Eine frühe Nutzung des Grünlands mindert demnach den Mähtod an Hasen, Rehkitzen und Brutnestern, steht aber im Widerspruch mit der gewünschten Blüh- und Artenvielfalt. Wiedenmann: „Gleich, welcher Schnittzeitpunkt im Grünland gewählt wird, es ist ein großer Spagat zwischen den Interessen der Gesellschaft und der Landwirtschaft.“
Joachim Liebler führt in seiner
Online-Präsentation an, dass weniger graslastige Bestände mit einem Kräuter- und Leguminosenanteil von jeweils zehn bis 20 Prozent ein Kompromiss zwischen beiden Ansprüchen sei – gleichzeitig werde durch den erhöhten Anteil dieser Kräuter und Leguminosen eine höhere Nutzungselastizität erreicht und das Zeitfenster für den optimalen Schnittzeitpunkt verbessert. Durch die regional unterschiedlichen Wasserverhältnisse seien vielerorts der Schnitthäufigkeit ohnehin Grenzen gesetzt.
Liebler betont, wie wichtig eine angepasste Düngung für Artenvielfalt und Futterqualität ist: „Wenn Nutzung und Düngung übereinstimmen, entartet der Bestand nicht.“Entscheide sich der Betrieb für Sanierungsmaßnahmen, stellt sich langfristiger Erfolg nur ein, wenn Nutzung und Düngung im Einklang stehen. Andernfalls verpuffen diese Maßnahmen. Mit der neuen Düngeverordnung werde der Einsatz der Nährstoffe N und P streng geregelt und begrenzt.
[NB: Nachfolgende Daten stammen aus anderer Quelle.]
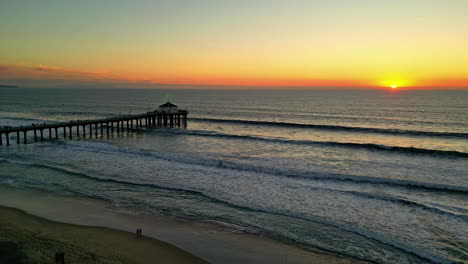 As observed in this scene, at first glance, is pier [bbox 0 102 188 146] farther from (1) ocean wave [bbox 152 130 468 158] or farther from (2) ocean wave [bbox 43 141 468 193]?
(1) ocean wave [bbox 152 130 468 158]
Bei der Versorgung des Grünlands müsse auch auf eine ausreichende Nährstoffversorgung mit
Schwefel und Kalk/Kalzium geachtet werden und ist betriebsindividuell unterschiedlich zu bewerten: „Wie beim Stickstoff in der Gülle, so ist auch beim Schwefel nicht von einer 100-prozentigen Wirksamkeit auszugehen“, so Liebler. Er rät zu einer Schwefeldüngung in mineralischer Form zum ersten und/oder zweiten Aufwuchs.
Ein Problem können, nach Auffassung des Referenten, hohe Güllegaben auf Grünlandflächen mit mehr als 40 Kubikmeter pro Hektar und Jahr sein. Diese führten oft zu überhöhten Magnesiumgehalten. Hohe Werte wirkten sich negativ auf die Bodenstruktur aus und begünstigten das Auftreten der Gemeinen Rispe.
Weiter empfahl Liebler, bei der Futteruntersuchung auch die Mineralstoffgehalte bestimmen zu lassen, weil dies wertvolle Rückschlüsse hinsichtlich der Nährstoffdynamik des Standorts ermögliche.
Die hohe Teilnehmerzahl und die regen Fragen während der Veranstaltung und noch Tage danach zeigen, dass es ein hohes Interesse an solchen Themen gibt. Die Jungzüchter Kilian Landes und Markus Häusler, die das Meeting organisierten, ziehen daher ein sehr positives Resümee.